I was triggered by the discussion "does every arbitrary digit sequence of length N occur in the decimals of Pi"
Although Pi is irrational and contains an infinite number of decimals, it seems that every sequence of N digits does not necessarily occur in Pi's decimals.
But I have another question, and I did not find any discussion about it. Does every sequence of N digits occur in at least one of the prime numbers.
So I am not asking if a certain prime number contains every possible sequence of N digits. To me it seems obvious that there does not exist such a prime number.
When N is small, it is obvious that every sequence will occur in at least one prime number. But when N gets larger, the prime numbers containing this sequence will become less.
Is there a largest N, where the sequence will not occur anymore in a prime number? Since the number of primes is infinite, so there will exist a prime number with an infinite number of digits (is that true?). So it is likely that every digit sequence will occur in at least one prime number.
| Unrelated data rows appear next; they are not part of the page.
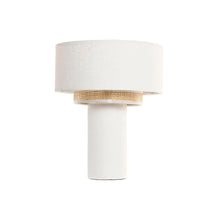 Home Esprit Bureaulamp Home Esprit Wit Natuurlijk 50 W 220 V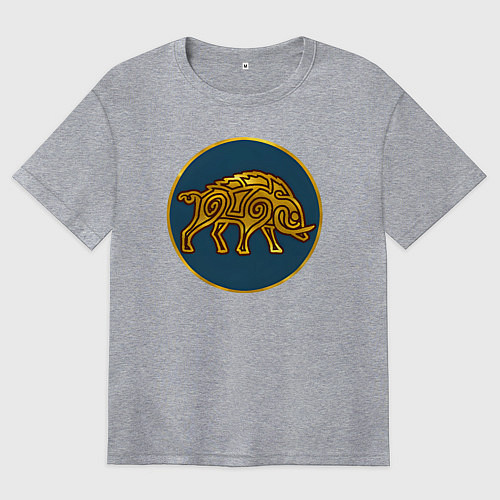 Женская футболка оверсайз Пикты из Total War: Attila / Меланж – фото 1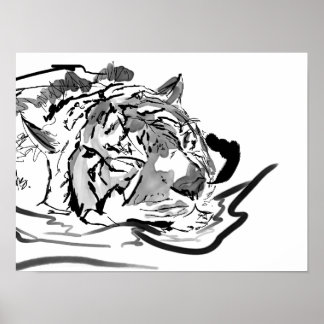 Der ruhige Tiger Poster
Is this something which can be proven?
Theorem (Dirichlet): If $a,b\in \Bbb N$ with $\gcd (a,b)=1$ then the set $S(a,b)=\{na+b: n\in \Bbb N\}$ contains infinitely many primes.
For a sequence $(b_j)_{1\leq j\leq m}$ of decimal digits (with $m\in \Bbb N$) let $b=1+\sum_{j=1}^m b_j10^{m+1-j}$ and let $a=10^{m+1}.$ Then $S(a,b)$ contains infinitely many primes, and the sequence of decimal digits of every member of $S(a,b)$ contains the consecutive sub-sequence $(b_j)_{1\leq j\leq m}.$
For the purposes of this Q it is sufficient that $S(a,b)$ contains at least one prime, but it is easily shown that this is equivalent to Dirichlet's theorem, which is not easy to prove. It was one of the first (or the first) results in Number Theory whose proof used methods from Analysis.